→ **What is needed**: Within the entries below, please retype exactly the lines starting with the line that has "Snapshot of boobsiemarie" and going on through the line that has "2023 Toyota Crown Limited", but not the pictures.

[Caption-style text data]
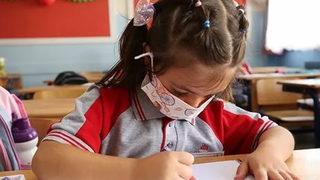 Ara tatil sona erdi! 18 milyon öğrenci ders başı yaptı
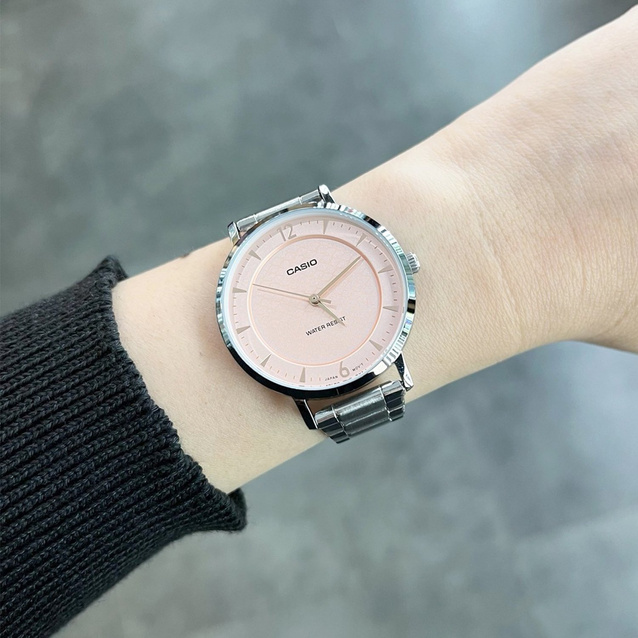 CASIO LTP-VT04D-4A WOMEN'S WATCH (zd659c) + BOX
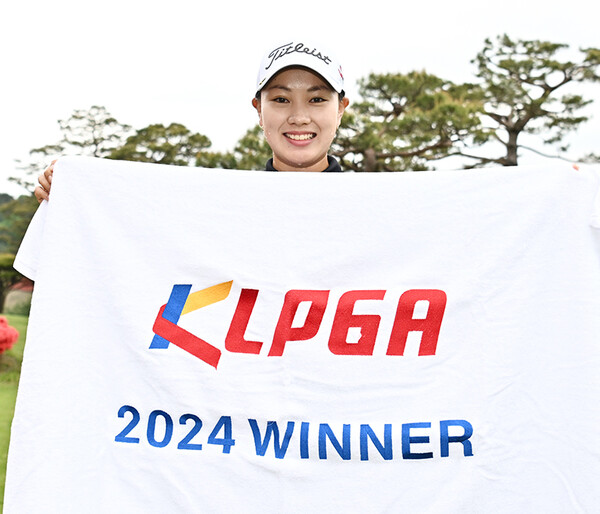한국여자프로골프(KLPGA) 3부 투어인 2024 백제CC·삼대인 홍삼볼 점프투어 3차전 우승을 차지한 백송. 사진제공=KLPGA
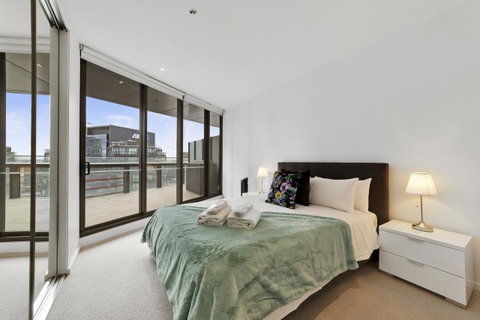 Best Views On Collins - Accommodation Port Hedland 11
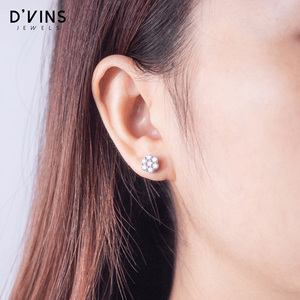 ดีวินส์ จิวเวลส์ ต่างหูเพชรทรงกลมเจียระไนแบบบริลเลียนท์ 10k ประดับเพชรแล็บโกรว์ รูปทรงดอกไม้ ทองคำแท้ 789456 - Product Image 3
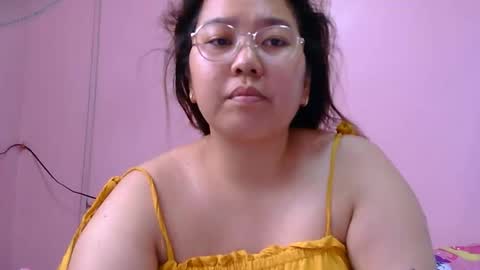 Snapshot of boobsiemarie chatting on 6, 5, 2026 MommyMarie-Singlemom of 2. online show from 6, 5, 2026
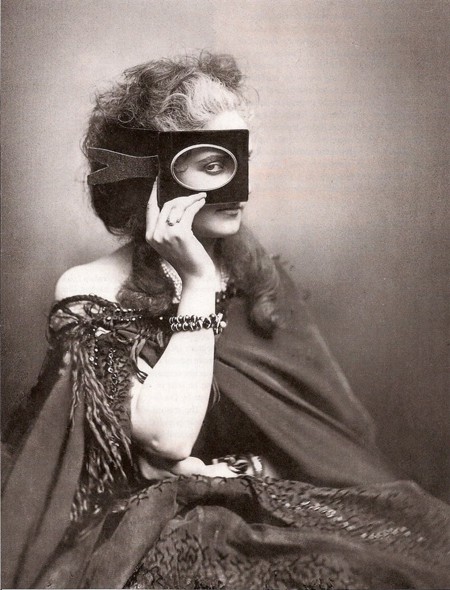 “Scherzo di Follia” (a photographic portrait of the Countess of Castiglione)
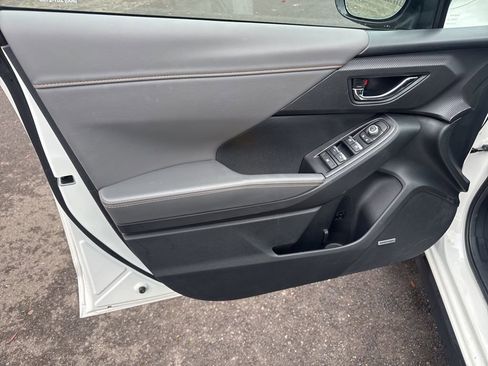 Used 2025 Subaru Crosstrek 2.5i Limited w/ Crosstrek Mirror Package image 19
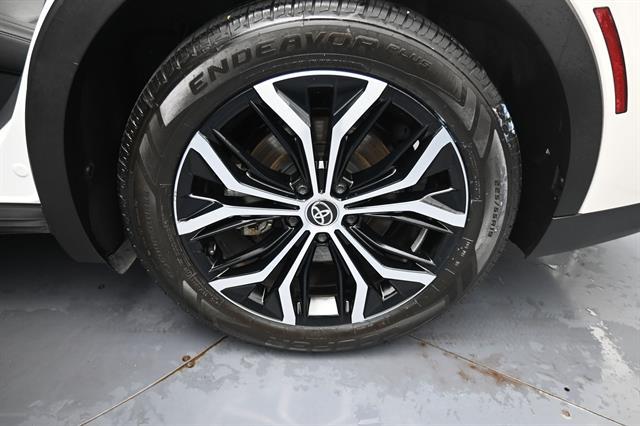 2023 Toyota Crown Limited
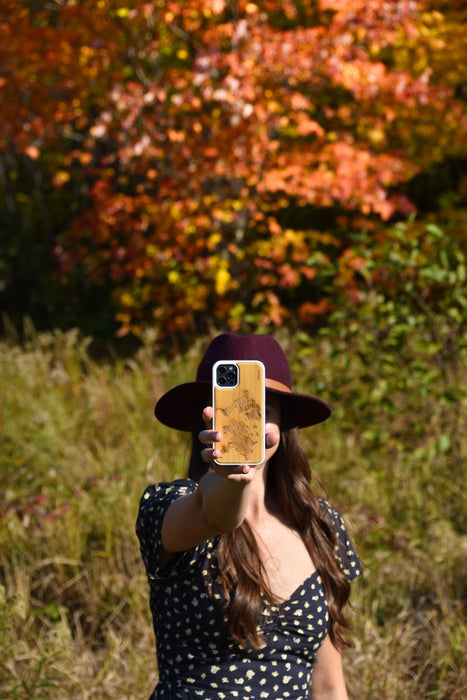 Étui iphone 12 mini en bois et côtés en tpu - bambou avec gravure carte du monde
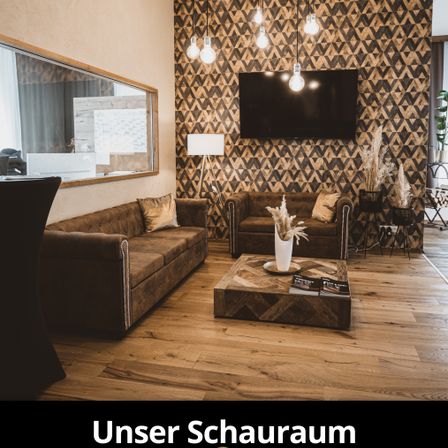 Ein modernes Wohnzimmer mit Holzböden, zwei braunen Sofas, einem Couchtisch, einem montierten Fernseher und dekorativer Beleuchtung.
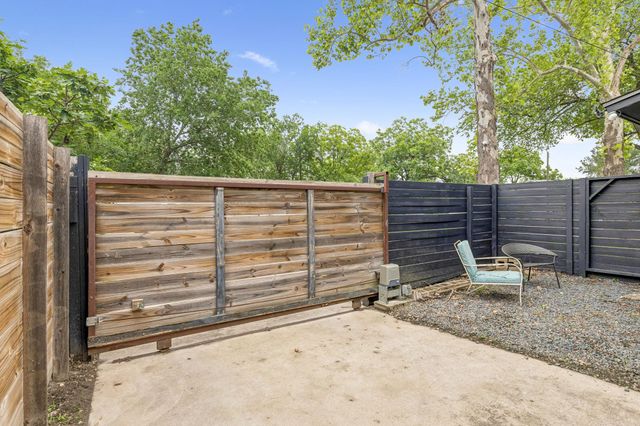 1428 Corona DR, Austin, TX 78723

→ **Answer box**:
 Snapshot of boobsiemarie chatting on 6, 5, 2026 MommyMarie-Singlemom of 2. online show from 6, 5, 2026
 “Scherzo di Follia” (a photographic portrait of the Countess of Castiglione)
 Used 2025 Subaru Crosstrek 2.5i Limited w/ Crosstrek Mirror Package image 19
 2023 Toyota Crown Limited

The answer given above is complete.